Leichter gesagt als getan...
Allerdings, mir ging es als Nationalspielerin früher nicht anders. Vor wichtigen Spielen war ich sehr nervös. Jede Spielerin geht allerdings anders mit diesem Druck um.
Zum Beispiel?
Eine Alexandra Popp kommt mit ihrer offenen Art sicherlich besser damit zurecht als Spielerinnen, die eher introvertiert sind.
Die junge Popp ist da gewiss auch unbedarfter...
Aber auch sie hat dazugelernt. Poppi hat in den vergangenen drei Jahren fast schon einen Quantensprung gemacht – nicht nur, was ihre Leistung betrifft, sondern auch persönlich. Als ihre Trainerin beim FC Duisburg habe ich das mitverfolgt: 2009 beim Uefa-Cup war Alexandra Popp gerade 17. Wir hatten das Spiel damals gewonnen, aber sie war nicht zufrieden mit sich. Nach dem Spiel hat sie zu mir gesagt: „Ich konnte gar nicht so gut spielen. Meine Beine haben von der ersten Minute an geschlottert.”
Über Schwächen zu sprechen – das fällt im Leistungssport schwer. Das wissen Sie nur zu gut. Sie wurden im Jahr 2000 aus der Nationalmannschaft suspendiert, weil Sie wegen Problemen mit Ihrer damaligen Freundin Inka Grings die Teilnahme an einem Länderspiel abgesagt haben.
Das hat sehr weh getan. Ich war Mannschaftsführerin mit 125 Länderspielen, und es waren nur noch drei Monate bis zu Olympia in Sydney. Dann das schnelle Aus.

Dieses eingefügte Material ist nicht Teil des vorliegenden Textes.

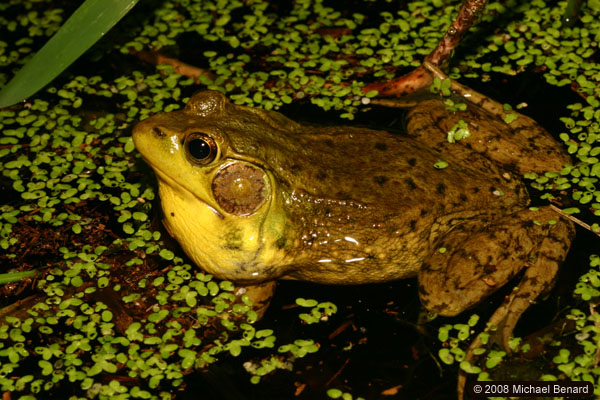 green frog, Rana clamitans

Ihrer damaligen Trainerin Tina Theune-Meyer hatten Sie von dem Verhältnis zu Inka Grings erzählt. Sie wurden im Anschluss nicht mehr berufen. Wurden Sie bestraft, weil Sie über die Liebe zu einer Frau gesprochen haben?
Nein, solche Spekulationen möchte ich entschieden zurückweisen. Das war ganz bestimmt nicht der Grund für meine Suspendierung. Der DFB hat mich wegen dieser Sache nie unter Druck gesetzt und auch vorher nie gedroht, was passieren würde, wenn ich mich oute.
Warum kam es trotzdem zum Eklat?
Den genauen Grund kenne ich bis heute nicht. Die Antwort meiner Trainerin war damals: „Das ist ein Bauchgefühl.” Ich denke, Tina hat damals gefürchtet, dass es Unruhen in der Mannschaft gibt. Sie wird ihre Gründe gehabt haben. Das alles ist aber längst Vergangenheit. Heute haben Tina Theune und ich ein sehr gutes Verhältnis.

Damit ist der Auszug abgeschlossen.